Nella liquidazione della perdita della capacità lavorativa va considerato il prevedibile progressivo incremento reddituale che caratterizza l’attività del danneggiato
La Suprema Corte di Cassazione (Sez. III, Sentenza n. 16913/2019) specifica che la quantificazione del danno patrimoniale da perdita di capacità lavorativa va commisurata tenendo presente il progressivo aumento reddituale del soggetto danneggiato.
La vicenda trae origine da un sinistro subito da un avvocato che non considerava soddisfacente il risarcimento della Compagnia assicuratrice del responsabile e promuoveva un giudizio di Accertamento Tecnico Preventivo chiedendo un risarcimento superiore.
Il Giudice di prime cure condannava la Compagnia a risarcire i danni patrimoniali e non patrimoniali patiti dall’avvocato, con decurtazione dell’acconto ricevuto.

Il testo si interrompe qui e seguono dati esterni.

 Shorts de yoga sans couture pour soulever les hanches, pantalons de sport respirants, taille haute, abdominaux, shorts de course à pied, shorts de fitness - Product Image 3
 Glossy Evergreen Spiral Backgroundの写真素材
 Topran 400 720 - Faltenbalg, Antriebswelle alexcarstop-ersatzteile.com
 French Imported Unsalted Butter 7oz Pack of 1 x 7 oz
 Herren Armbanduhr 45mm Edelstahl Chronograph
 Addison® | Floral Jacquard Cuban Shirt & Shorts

Nel secondo grado di giudizio la Corte d’Appello condannava la Compagnia a integrare il risarcimento sotto il profilo del danno patrimoniale.
Il danneggiato propone ricorso per Cassazione lamentando di aver chiesto il risarcimento del danno patrimoniale in misura rapportata ai guadagni professionali futuri che avrebbe conseguito con l’applicazione di una costante di incremento del reddito del 5% annuo.

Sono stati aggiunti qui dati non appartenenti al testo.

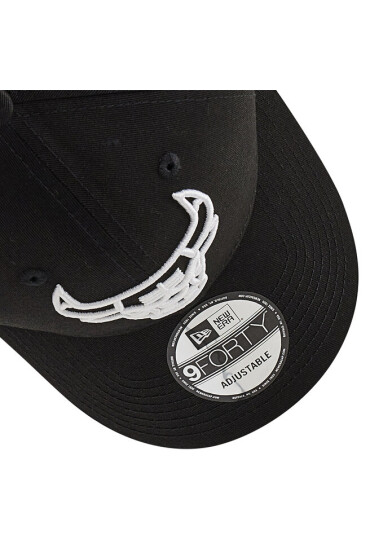 New Era Шапка с козирка Nba Essential Outli 12292586 Черен - Mera.bg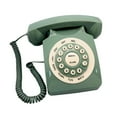 thumbnail image 2 of Teléfono fijo Baoblaze con pulsador estilo retro clásico verde, 2 of 8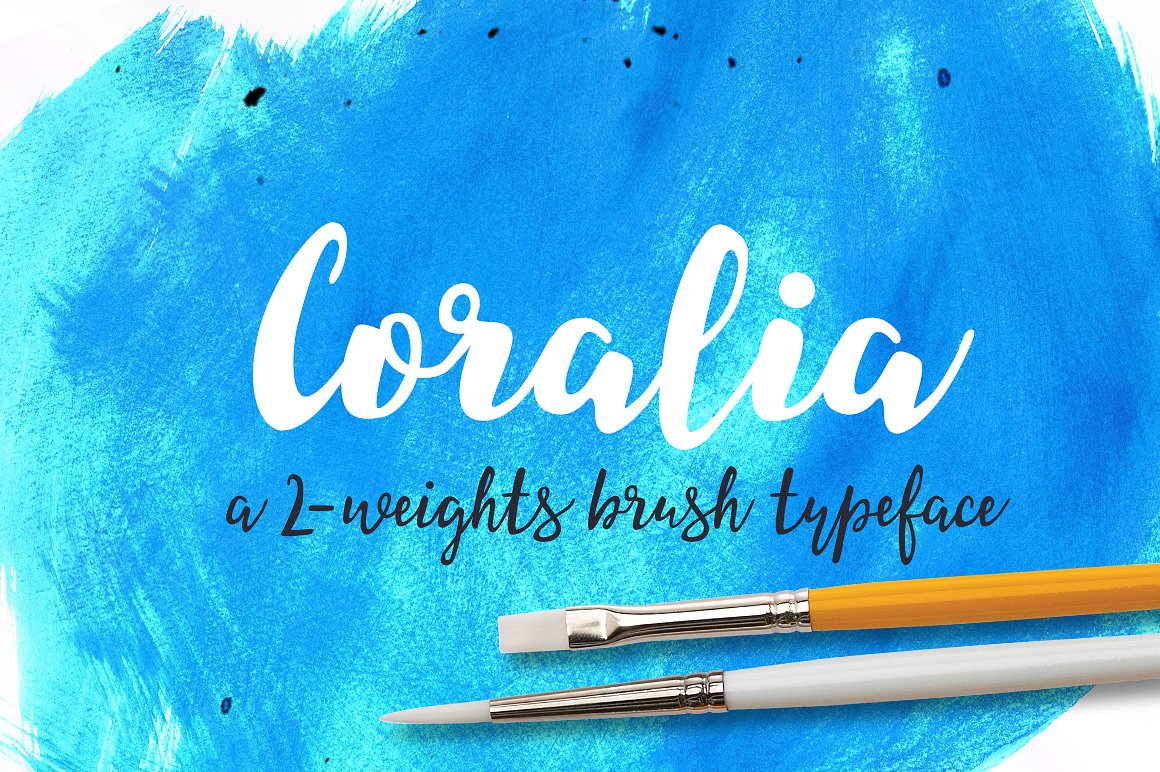 Free Coralia A 2 Weights Brush Typeface Script Fonts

A sostegno del criterio di calcolo adottato il danneggiato produce in giudizio le proprie dichiarazioni dei redditi degli ultimi 5 anni.
La Suprema Corte ritiene fondato il ricorso.

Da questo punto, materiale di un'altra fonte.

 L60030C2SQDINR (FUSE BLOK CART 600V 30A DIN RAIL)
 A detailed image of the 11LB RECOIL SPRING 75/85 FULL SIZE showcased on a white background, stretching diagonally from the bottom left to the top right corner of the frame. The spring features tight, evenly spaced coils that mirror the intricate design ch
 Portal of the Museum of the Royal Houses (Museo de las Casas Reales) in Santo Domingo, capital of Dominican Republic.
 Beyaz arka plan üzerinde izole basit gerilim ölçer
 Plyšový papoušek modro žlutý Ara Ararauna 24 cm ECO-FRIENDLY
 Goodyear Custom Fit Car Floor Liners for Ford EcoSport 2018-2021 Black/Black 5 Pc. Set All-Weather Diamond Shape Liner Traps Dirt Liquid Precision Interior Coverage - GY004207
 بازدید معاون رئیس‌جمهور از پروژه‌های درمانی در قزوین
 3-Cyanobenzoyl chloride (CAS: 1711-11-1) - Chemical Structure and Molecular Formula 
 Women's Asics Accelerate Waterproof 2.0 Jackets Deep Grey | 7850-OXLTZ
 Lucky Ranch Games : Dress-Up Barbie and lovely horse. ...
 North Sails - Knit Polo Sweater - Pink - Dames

Viene rilevato che il danno permanente da incapacità di guadagno, non può essere liquidato utilizzando i coefficienti di capitalizzazione approvati con R.D. n. 1403 del 1922, in quanto essi, sia a causa dell’aumento della durata media della vita, sia a causa della diminuzione dei saggi d’interesse, non sono più idonei a garantire un corretto risarcimento equitativo del danno e, pertanto, non rispettano il dettato dell’art. 1223 c.c.
Ne deriva che risulta corretto, anche secondo il consolidato indirizzo giurisprudenziale sulla quantificazione del danno patrimoniale futuro da perdita di capacità lavorativa specifica, che il calcolo debba essere eseguito “mediante la moltiplicazione del reddito perduto per un adeguato coefficiente di capitalizzazione, utilizzando come parametri da un lato, la retribuzione media dell’intera vita lavorativa della categoria di pertinenza, desunta da parametri di rilievo normativo o altrimenti stimata in via equitativa, e, dall’altro, coefficienti di capitalizzazione di maggiore affidamento, in quanto aggiornati e scientificamente corretti, quali, ad esempio, quelli approvati con provvedimenti normativi per la capitalizzazione delle rendite previdenziali o assistenziali oppure quelli elaborati specificamente nella materia del danno aquiliano”.
Il ricorso viene accolto, la Sentenza impugnata viene cassata con rinvio in diversa composizione.